===== Supplied records

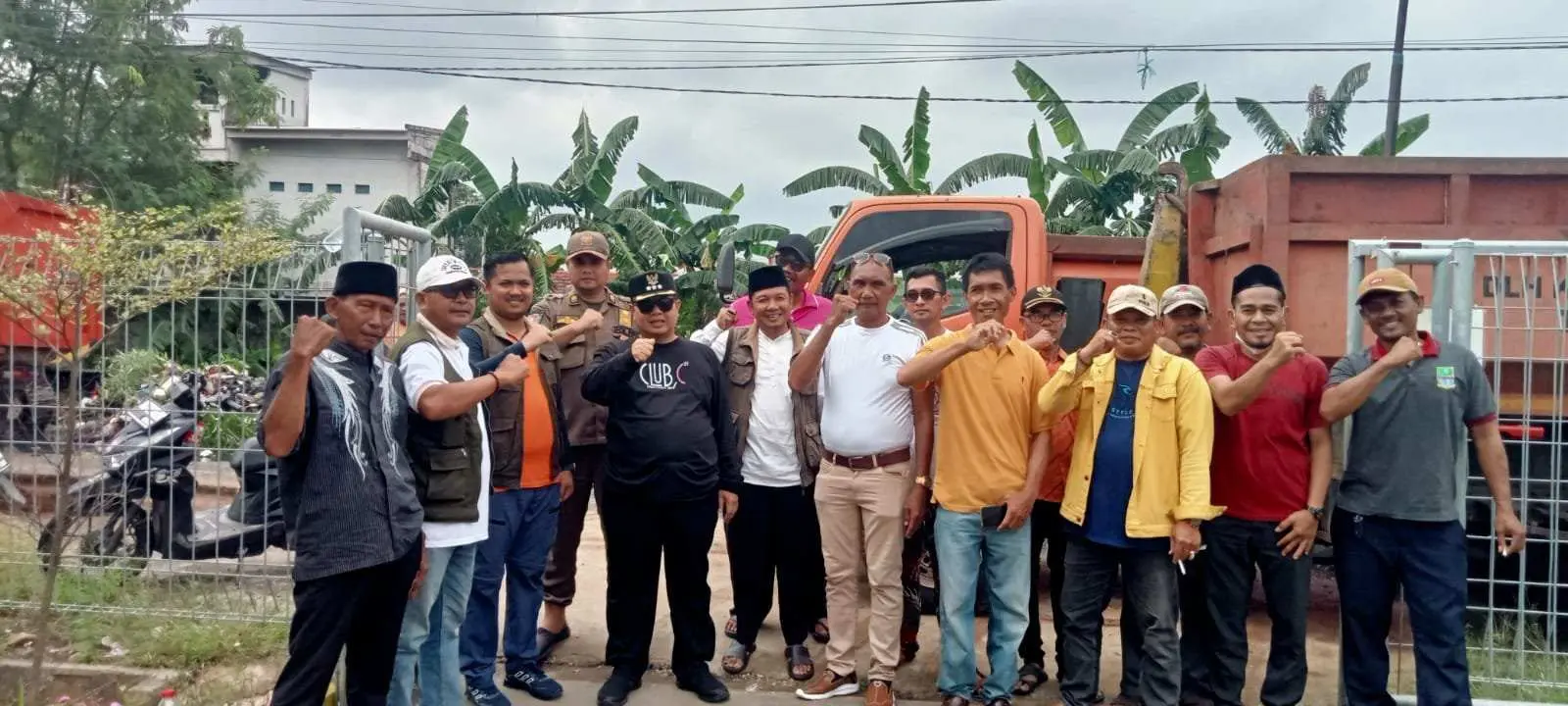 UPTD 2 DLH Kab Bekasi Bersama Pemdes Satriajaya dan Muspika Tambun Utara Angkut Puluhan Ton Sampah Menumpuk di Aliran Sungai Kampung Gebang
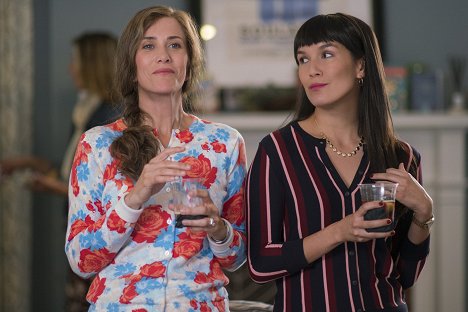 Kristen Wiig, Zoë Chao - Where'd You Go, Bernadette - Photos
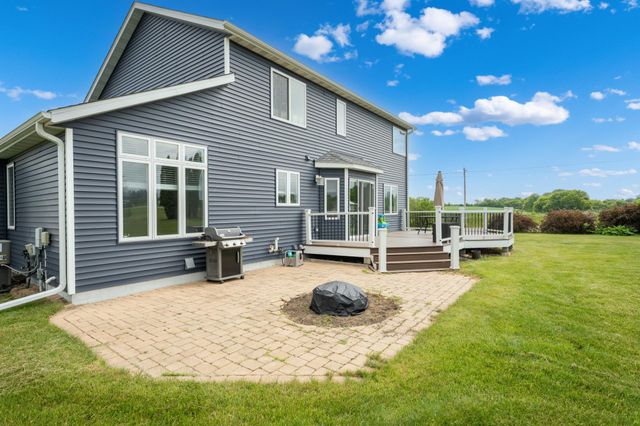 1102 Southern Hills Lane SW, Rochester, MN 55902
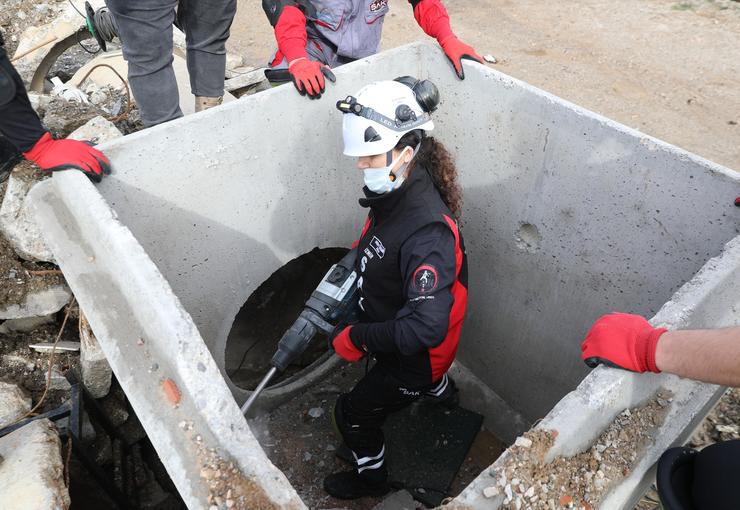 Seferihisar Belediyesi Arama ve Kurtarma Ekibi (SAK), orman yangınlarına karşı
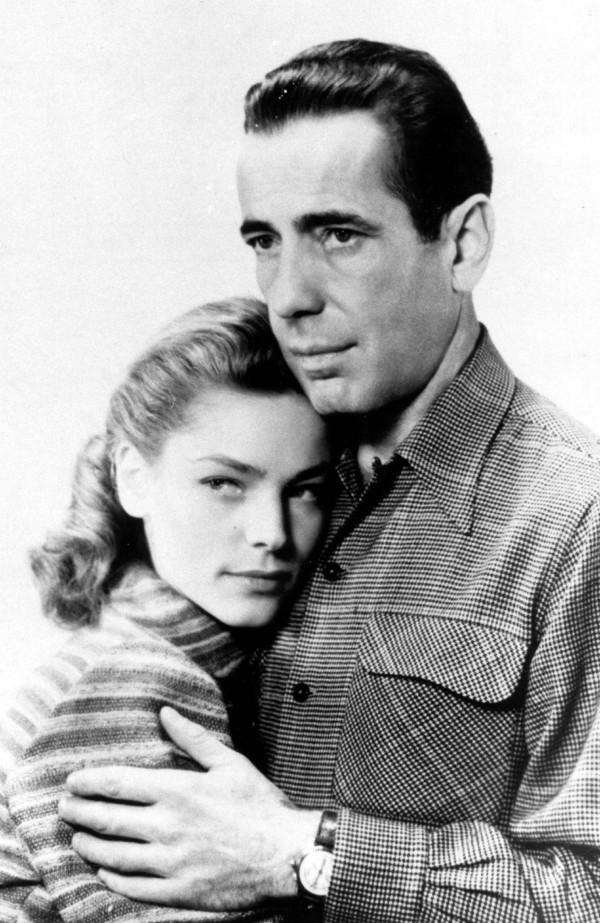 Una de las parejas más glamurosas y carismáticas del Hollywood dorado, Humphrey Bogart y Lauren Bacall.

==========

■ **The task**: The expected output is the exact run of lines from the one containing "Kristen Wiig, Zoë" through the final line of the data above, both ends included, with no pictures.

■ **Response for this exercise**:
 Kristen Wiig, Zoë Chao - Where'd You Go, Bernadette - Photos
 1102 Southern Hills Lane SW, Rochester, MN 55902
 Seferihisar Belediyesi Arama ve Kurtarma Ekibi (SAK), orman yangınlarına karşı
 Una de las parejas más glamurosas y carismáticas del Hollywood dorado, Humphrey Bogart y Lauren Bacall.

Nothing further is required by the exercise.